I too would like to give it a try if possible, I have been adding my recovery and strain manually but it would be cool to see it integrated automatically.

Just got an email from WHOOP. Looks like any iOS user who has recorded a cycling workout now has an invite for the TP feature.

krispenhartung

I would love if you could connect me to the guy at WHOOP who can get me on the beta team to integrate whoop into TP.

Thanks!

Just have to update your app and go into settings.

I think it’s only for iPhone currently but I can confirm it works perfectly.

Yup, no need to send the request to them now, since they just officially announced it for cyclists. I can’t wait when they back fill the historical data…should be a few weeks. And especially when WKO4 starts pulling metrics from TrainingPeaks, which is when the really cool analytics will start.

I ended up renewing Whoop for 18 months. They offered a special pay-in-advance deal that brought the monthly cost down to $18/month. I really like the “always on” functionality of the device, and my wife appreciates that I don’t immediately get on my phone and start answering the Restwise questions each morning. She prefers to be acknowledged before the phone.

I’m testing this out right now. Some “sickness” invaded my body on Monday night. I finished SSBMV1 on Saturday, rested on Sunday and took a 20-minute FTP test on Monday.

I had a 90% recovery score on the day of the test.
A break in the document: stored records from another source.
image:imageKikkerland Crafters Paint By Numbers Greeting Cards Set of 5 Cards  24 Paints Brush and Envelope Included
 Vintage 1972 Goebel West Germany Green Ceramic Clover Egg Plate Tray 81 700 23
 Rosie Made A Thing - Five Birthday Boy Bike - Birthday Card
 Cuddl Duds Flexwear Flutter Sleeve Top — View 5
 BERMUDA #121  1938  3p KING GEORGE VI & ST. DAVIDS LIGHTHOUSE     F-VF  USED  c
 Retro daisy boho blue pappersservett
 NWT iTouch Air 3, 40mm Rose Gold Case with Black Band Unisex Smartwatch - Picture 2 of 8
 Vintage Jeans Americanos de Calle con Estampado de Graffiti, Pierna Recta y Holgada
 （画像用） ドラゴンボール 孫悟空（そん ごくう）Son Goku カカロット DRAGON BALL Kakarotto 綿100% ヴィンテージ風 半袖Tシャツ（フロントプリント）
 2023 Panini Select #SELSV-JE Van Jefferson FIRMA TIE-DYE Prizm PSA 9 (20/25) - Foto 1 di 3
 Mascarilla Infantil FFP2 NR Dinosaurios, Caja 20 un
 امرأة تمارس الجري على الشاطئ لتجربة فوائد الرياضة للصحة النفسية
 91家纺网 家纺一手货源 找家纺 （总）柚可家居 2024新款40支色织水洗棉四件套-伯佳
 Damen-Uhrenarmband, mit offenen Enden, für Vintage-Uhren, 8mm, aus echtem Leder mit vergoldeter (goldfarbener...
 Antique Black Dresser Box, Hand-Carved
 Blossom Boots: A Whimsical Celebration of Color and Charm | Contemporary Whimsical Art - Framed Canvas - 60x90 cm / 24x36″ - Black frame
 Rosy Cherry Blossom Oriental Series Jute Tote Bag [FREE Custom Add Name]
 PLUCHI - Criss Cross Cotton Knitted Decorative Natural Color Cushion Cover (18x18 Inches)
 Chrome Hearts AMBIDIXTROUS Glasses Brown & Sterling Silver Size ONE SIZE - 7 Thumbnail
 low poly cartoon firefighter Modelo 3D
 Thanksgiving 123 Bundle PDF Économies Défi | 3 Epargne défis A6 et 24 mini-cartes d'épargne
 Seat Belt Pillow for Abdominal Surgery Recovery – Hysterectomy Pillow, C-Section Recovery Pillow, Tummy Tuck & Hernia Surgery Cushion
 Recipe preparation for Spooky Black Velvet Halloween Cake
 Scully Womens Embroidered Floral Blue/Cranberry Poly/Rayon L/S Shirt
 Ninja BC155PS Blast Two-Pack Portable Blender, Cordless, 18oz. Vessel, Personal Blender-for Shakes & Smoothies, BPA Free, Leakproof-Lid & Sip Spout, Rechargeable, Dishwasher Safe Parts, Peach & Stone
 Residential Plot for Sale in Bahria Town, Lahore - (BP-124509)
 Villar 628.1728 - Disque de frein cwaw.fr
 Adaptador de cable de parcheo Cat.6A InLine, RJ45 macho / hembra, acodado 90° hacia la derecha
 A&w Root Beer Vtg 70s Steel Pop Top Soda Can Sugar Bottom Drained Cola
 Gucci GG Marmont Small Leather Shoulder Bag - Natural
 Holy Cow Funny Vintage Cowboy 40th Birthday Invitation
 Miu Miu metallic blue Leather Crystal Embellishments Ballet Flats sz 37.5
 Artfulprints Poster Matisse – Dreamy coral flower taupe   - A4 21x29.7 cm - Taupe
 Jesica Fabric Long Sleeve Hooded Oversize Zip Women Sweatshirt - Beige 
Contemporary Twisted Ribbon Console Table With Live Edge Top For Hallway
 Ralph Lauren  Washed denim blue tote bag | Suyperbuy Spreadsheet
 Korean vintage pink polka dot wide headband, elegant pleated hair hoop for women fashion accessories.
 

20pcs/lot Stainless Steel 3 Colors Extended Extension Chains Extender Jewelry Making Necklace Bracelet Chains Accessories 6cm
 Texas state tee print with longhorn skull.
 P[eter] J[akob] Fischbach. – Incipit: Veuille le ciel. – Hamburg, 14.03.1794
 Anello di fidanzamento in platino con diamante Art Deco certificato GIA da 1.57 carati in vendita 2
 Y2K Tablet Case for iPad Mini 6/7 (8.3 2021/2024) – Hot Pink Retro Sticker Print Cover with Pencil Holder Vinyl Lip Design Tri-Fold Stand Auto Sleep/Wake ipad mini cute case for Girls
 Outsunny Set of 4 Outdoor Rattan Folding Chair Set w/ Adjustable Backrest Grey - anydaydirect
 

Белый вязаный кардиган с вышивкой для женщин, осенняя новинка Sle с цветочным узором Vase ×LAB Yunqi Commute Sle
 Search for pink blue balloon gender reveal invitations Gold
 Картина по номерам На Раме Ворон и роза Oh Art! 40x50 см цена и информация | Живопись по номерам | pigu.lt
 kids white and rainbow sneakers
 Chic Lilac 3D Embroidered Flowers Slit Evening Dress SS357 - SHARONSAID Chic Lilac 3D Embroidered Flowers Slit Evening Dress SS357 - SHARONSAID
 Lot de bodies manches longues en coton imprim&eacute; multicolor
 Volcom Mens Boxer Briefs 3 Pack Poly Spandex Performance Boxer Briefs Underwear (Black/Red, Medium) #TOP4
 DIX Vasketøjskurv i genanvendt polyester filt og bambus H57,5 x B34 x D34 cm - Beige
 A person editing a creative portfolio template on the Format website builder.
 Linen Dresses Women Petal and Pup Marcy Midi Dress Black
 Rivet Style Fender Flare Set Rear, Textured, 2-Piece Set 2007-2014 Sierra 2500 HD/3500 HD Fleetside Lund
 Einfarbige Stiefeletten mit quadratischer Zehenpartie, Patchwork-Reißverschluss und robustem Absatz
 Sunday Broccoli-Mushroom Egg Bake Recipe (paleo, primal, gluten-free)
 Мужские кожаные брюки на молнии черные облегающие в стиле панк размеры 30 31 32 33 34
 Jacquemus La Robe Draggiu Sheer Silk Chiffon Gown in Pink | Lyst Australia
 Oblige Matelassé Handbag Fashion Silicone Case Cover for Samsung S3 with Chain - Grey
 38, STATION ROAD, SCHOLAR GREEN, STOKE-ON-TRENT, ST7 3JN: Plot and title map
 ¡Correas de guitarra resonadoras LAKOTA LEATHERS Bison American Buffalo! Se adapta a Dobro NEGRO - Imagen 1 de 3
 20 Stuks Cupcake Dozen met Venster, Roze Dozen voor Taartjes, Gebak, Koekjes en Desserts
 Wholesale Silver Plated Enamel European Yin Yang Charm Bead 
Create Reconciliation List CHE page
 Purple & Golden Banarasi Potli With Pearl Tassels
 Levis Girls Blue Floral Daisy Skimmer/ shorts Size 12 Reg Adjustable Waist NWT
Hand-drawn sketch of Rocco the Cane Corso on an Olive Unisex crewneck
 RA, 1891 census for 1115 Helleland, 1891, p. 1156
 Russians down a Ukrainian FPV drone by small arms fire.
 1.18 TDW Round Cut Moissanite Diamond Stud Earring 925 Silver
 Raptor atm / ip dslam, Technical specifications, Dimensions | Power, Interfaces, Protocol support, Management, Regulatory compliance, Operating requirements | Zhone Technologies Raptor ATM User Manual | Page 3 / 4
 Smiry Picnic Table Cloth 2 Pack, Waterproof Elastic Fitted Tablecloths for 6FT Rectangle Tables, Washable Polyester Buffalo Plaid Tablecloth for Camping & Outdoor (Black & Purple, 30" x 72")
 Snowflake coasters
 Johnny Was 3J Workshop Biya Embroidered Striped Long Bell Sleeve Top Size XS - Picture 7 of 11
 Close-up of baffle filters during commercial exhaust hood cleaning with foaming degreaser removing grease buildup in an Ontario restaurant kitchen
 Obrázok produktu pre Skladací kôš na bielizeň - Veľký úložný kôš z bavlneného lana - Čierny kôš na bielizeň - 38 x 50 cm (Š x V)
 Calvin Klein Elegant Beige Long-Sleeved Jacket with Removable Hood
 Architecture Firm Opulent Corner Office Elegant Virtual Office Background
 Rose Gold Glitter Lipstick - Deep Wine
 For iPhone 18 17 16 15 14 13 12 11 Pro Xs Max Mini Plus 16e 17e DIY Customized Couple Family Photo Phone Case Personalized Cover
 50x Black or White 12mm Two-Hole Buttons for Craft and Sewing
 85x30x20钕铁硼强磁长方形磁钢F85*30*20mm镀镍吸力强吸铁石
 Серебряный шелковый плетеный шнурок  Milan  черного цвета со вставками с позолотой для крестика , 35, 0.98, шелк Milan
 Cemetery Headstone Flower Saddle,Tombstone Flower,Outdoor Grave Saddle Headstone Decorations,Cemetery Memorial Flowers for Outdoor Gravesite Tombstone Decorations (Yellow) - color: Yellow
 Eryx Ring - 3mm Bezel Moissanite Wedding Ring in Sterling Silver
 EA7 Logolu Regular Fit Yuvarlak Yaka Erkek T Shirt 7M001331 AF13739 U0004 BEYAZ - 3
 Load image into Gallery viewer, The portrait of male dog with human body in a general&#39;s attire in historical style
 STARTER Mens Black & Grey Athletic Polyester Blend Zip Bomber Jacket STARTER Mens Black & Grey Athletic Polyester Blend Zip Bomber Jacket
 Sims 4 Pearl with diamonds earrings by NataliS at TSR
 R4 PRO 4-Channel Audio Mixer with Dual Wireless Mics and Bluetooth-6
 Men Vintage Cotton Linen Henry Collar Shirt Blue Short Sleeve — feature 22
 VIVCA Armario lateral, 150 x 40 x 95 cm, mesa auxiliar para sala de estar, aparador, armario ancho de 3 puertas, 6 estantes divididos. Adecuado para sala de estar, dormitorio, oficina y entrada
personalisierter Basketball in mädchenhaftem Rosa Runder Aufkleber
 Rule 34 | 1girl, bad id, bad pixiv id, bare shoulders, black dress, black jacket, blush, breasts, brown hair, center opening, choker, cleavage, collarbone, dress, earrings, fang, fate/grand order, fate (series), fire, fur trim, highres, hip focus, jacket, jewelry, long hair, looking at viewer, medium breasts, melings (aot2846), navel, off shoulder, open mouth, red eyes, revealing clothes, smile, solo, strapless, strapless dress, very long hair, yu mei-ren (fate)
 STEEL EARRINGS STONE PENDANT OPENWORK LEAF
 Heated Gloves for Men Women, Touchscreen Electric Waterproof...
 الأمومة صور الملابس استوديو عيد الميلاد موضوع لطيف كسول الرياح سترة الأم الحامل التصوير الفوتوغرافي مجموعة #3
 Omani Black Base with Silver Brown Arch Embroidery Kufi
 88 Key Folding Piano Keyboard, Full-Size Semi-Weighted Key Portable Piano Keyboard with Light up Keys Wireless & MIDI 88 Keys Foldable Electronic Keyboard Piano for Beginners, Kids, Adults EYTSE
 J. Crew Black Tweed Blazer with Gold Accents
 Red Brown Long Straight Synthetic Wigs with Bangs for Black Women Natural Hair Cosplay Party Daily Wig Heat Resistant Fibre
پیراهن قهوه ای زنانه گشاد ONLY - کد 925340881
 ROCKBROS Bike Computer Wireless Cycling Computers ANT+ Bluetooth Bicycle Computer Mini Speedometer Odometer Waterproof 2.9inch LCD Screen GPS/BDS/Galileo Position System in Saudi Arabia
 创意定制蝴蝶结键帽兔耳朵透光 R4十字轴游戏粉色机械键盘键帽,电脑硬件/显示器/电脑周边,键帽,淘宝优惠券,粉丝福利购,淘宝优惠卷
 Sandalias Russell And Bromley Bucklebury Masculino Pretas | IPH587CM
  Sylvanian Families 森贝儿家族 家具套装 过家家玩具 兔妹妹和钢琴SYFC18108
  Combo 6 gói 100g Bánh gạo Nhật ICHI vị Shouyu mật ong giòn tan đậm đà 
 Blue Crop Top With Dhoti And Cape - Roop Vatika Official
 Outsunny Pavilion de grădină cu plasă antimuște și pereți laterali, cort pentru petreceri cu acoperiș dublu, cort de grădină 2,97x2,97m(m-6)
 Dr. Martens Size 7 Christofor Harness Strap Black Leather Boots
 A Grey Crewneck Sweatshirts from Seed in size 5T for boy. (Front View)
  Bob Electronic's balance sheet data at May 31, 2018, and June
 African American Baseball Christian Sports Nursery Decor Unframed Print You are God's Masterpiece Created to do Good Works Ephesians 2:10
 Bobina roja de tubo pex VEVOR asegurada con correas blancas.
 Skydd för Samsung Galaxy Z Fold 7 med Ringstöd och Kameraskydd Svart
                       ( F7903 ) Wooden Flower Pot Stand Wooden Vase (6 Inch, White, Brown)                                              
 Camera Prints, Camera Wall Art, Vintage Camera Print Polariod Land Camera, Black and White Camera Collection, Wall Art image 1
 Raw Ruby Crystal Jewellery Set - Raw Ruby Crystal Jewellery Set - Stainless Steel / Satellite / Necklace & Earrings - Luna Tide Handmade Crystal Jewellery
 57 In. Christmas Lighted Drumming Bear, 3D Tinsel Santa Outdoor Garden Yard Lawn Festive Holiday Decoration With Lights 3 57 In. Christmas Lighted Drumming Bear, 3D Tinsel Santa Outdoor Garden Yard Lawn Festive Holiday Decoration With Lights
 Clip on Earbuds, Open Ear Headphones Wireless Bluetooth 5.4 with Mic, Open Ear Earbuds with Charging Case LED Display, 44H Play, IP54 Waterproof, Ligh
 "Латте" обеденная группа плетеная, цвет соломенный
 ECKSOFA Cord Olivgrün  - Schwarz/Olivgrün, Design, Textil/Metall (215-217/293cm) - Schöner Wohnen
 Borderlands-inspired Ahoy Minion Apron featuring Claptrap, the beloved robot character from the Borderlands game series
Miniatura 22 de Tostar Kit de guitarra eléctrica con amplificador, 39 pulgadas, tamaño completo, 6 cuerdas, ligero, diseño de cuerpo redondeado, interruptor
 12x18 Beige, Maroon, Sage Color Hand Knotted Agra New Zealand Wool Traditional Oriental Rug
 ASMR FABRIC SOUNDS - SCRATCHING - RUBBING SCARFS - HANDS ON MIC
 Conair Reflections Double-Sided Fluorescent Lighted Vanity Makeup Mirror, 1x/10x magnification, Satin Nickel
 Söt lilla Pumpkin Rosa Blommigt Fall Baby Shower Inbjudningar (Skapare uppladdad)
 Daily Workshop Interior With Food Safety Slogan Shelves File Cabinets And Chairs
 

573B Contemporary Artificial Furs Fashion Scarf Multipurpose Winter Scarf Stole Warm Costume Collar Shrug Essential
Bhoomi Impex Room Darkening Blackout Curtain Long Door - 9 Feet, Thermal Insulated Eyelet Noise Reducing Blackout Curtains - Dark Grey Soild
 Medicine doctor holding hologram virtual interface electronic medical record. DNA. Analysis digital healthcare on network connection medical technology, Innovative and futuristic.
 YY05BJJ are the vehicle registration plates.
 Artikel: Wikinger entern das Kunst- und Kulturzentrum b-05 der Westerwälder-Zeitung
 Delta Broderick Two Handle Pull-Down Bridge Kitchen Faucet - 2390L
I worked hard, and then my recovery has been in the stuck in the mid-30s since then. I have a sore throat, a hefty cough and a dull headache. I had been around a hacking coughing child on Sunday, so I suspect that the hard effort gave whatever I was exposed to a foothold, or maybe my allergies kicked in.

Either way, what’s interesting to see is that my recovery score hasn’t changed a bit in the past three days despite tons of nap time and extended sleep time. My HRV fell off a cliff on Monday night and has continued to decline slightly each subsequent day. My RHR has been climbing consistently since Saturday, two days before the FTP test, and took a huge jump on Tuesday night.

Depending on how my HRV and RHR respond the next few days, I suspect I’ll be taking this week as a rest week and postponing the start of SSBMV2 until I’m done resting. This is not what I would have been doing, if I didn’t have this data to counteract the voice in my head saying “I’m probably recovered enough to work out.”